Then the word of the Lord came to him, saying, “What are you doing here, Elijah?” 10 He answered, “I have been very zealous for the Lord, the God of hosts; for the Israelites have forsaken your covenant, thrown down your altars, and killed your prophets with the sword. I alone am left, and they are seeking my life, to take it away.”
11 He said, “Go out and stand on the mountain before the Lord, for the Lord is about to pass by.” Now there was a great wind, so strong that it was splitting mountains and breaking rocks in pieces before the Lord, but the Lord was not in the wind; and after the wind an earthquake, but the Lord was not in the earthquake; 12 and after the earthquake a fire, but the Lord was not in the fire; and after the fire a sound of sheer silence. 13 When Elijah heard it, he wrapped his face in his mantle and went out and stood at the entrance of the cave.

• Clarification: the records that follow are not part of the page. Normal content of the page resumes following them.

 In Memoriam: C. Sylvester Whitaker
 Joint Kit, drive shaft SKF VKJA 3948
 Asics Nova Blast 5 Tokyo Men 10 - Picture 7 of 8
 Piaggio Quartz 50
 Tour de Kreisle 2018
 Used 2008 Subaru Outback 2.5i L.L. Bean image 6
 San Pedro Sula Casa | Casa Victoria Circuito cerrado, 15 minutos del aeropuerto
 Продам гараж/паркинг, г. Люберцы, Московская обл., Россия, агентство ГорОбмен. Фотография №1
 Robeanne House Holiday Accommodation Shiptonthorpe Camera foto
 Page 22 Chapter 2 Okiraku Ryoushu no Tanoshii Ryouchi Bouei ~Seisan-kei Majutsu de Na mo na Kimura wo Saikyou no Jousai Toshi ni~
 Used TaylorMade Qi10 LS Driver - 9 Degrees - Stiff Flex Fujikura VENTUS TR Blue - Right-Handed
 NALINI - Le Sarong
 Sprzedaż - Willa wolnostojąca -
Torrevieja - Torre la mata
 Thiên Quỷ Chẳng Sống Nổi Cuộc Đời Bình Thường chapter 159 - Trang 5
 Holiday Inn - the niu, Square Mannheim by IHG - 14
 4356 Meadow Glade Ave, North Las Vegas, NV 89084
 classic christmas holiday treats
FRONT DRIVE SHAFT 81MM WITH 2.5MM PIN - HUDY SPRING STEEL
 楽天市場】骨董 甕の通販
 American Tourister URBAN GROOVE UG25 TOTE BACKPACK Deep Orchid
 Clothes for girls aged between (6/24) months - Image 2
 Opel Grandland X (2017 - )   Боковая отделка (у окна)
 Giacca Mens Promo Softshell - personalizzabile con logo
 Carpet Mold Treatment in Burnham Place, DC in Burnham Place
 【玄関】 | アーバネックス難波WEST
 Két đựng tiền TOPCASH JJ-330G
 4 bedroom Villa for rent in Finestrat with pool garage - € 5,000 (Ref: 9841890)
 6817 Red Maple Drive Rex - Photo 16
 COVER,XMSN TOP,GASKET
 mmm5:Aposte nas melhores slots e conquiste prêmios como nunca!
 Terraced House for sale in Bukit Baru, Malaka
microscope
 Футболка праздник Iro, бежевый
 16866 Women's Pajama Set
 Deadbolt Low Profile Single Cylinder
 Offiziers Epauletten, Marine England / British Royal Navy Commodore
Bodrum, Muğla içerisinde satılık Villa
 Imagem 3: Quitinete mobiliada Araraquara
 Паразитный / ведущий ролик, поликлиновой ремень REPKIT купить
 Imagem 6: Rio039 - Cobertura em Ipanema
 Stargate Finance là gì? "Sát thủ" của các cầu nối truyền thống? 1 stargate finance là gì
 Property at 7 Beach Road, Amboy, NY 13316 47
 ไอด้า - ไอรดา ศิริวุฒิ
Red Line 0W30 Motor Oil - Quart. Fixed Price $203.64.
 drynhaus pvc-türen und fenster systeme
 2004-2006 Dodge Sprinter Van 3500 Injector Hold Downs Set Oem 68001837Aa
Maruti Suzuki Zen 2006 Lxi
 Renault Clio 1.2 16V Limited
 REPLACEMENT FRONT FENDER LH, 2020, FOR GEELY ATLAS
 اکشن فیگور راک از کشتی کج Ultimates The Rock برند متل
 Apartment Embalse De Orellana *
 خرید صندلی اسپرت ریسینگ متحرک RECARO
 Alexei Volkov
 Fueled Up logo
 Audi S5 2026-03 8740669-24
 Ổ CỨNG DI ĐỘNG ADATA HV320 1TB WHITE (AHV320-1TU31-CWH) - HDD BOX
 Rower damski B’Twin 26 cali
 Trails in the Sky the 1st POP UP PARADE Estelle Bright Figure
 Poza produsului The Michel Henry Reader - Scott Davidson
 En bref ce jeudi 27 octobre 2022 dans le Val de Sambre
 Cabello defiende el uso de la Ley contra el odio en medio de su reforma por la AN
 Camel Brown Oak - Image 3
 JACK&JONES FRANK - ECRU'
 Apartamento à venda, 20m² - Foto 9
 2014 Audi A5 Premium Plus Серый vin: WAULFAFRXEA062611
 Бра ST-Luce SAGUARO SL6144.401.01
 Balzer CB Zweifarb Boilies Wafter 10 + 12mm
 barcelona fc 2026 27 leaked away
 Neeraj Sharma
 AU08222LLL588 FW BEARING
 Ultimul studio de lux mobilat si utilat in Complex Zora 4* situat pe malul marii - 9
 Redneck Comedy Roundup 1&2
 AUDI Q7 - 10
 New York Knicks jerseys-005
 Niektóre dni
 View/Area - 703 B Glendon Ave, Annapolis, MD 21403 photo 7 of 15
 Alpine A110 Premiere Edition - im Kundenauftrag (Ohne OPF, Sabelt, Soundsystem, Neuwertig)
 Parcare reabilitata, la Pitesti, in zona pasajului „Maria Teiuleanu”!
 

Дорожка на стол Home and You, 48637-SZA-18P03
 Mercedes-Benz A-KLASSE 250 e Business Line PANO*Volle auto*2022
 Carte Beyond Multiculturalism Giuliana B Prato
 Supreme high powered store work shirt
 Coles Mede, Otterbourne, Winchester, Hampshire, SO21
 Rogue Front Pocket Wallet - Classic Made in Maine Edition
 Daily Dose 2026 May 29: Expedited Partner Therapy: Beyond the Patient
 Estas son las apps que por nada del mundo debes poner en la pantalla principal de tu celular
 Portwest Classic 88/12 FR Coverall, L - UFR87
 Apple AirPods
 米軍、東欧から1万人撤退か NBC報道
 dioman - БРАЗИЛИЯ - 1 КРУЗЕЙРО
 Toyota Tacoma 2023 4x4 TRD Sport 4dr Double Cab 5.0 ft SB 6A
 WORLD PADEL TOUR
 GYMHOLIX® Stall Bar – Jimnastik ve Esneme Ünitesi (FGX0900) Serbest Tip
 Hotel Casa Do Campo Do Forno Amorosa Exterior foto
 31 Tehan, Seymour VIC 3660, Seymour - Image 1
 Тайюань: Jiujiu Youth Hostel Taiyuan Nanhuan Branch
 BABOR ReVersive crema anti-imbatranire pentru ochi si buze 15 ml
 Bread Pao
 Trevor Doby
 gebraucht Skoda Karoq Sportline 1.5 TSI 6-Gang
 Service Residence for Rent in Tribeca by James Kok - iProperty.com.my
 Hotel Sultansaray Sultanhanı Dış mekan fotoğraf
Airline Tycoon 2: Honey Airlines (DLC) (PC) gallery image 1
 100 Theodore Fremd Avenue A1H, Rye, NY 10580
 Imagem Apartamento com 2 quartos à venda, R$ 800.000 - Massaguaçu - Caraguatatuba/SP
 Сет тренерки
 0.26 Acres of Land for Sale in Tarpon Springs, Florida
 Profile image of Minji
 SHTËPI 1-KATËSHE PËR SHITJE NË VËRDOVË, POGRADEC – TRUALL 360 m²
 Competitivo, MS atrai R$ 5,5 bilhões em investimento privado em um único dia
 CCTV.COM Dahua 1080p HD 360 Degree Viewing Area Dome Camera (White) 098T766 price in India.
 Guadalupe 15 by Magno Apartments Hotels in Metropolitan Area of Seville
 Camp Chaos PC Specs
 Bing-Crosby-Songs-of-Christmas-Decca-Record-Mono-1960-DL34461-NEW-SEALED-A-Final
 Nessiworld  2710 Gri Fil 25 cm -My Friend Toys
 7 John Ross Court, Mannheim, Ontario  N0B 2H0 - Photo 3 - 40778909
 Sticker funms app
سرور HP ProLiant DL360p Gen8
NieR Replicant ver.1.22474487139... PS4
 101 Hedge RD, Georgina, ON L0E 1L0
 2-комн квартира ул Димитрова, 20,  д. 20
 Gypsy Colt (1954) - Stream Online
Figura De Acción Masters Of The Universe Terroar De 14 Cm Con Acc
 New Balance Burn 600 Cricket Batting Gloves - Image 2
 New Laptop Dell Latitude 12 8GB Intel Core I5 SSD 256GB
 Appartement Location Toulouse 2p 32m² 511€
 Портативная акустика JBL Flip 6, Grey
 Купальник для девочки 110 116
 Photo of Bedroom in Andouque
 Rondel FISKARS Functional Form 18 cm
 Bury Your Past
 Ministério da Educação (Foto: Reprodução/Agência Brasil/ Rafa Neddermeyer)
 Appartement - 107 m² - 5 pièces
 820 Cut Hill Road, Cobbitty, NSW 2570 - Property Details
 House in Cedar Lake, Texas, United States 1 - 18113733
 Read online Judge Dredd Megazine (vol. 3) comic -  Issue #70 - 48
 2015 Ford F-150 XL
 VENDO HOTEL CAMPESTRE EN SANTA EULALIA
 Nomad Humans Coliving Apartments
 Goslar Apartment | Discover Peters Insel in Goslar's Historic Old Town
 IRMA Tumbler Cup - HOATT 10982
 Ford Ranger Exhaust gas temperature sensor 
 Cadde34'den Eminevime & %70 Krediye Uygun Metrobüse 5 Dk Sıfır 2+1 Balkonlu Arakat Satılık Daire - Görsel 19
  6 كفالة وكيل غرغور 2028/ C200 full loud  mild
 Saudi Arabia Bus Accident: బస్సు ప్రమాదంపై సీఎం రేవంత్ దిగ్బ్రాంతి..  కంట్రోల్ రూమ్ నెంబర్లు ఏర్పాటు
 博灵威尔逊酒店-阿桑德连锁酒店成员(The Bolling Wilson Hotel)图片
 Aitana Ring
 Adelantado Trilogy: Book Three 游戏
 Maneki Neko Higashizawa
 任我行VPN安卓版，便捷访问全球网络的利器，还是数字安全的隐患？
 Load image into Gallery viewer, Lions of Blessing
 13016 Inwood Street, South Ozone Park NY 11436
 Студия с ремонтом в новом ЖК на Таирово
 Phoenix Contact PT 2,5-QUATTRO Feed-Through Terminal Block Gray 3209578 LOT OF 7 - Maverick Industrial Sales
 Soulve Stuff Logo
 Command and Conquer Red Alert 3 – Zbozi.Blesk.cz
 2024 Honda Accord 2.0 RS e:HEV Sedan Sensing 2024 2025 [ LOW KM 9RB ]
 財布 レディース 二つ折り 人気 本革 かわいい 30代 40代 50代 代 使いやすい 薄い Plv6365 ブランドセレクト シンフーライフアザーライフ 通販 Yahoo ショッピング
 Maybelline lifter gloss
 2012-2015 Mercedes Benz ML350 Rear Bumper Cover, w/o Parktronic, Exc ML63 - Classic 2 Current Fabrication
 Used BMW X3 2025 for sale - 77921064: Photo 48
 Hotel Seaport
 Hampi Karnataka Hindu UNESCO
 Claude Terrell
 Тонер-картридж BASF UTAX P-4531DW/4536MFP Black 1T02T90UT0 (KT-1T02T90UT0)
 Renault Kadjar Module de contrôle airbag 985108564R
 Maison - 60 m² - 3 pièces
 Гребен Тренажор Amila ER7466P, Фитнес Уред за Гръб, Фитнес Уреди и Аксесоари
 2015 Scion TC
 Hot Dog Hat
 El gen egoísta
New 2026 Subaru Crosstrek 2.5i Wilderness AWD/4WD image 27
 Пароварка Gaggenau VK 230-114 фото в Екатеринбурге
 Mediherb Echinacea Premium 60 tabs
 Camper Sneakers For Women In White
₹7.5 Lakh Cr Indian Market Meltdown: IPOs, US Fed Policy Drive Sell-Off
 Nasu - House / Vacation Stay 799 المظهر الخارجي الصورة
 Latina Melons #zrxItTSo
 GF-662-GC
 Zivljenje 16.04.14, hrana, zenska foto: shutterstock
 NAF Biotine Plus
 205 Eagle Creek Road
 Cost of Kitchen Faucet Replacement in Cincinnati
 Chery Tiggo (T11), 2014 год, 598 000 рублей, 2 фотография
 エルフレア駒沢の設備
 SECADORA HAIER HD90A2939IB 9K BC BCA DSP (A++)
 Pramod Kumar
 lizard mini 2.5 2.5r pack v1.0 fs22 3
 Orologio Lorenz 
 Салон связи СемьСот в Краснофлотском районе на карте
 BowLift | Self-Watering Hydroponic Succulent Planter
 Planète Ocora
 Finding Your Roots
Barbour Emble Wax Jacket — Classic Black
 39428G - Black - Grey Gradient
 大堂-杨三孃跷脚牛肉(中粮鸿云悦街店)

Then there came a voice to him that said, “What are you doing here, Elijah?”
We then went to the house of the ‘mayor’ of one of the Negev’s ‘unrecognized’ Bedouin communities, Kashem Zaneh, for discussion and lunch. The Bedouin are Arabs demarked by their nomadic desert life – the word itself (Arabic, badawi) derives from bada (desert) and simply means “those who dwell in the desert”. The people of Israel entire were badawi during the Exodus. Yet, the Bedouin of the Negev were often less nomadic than their counterparts in other deserts, the village we visited tracing its history back at least five centuries. Temporary construction marks the villages, not unlike some First Nations reservations I have seen in North America. Corrugated steel seems to be the construction material of choice, along with semi-permanent tents. It was a Bedouin goatherd who discovered the Dead Sea scrolls near Qumran.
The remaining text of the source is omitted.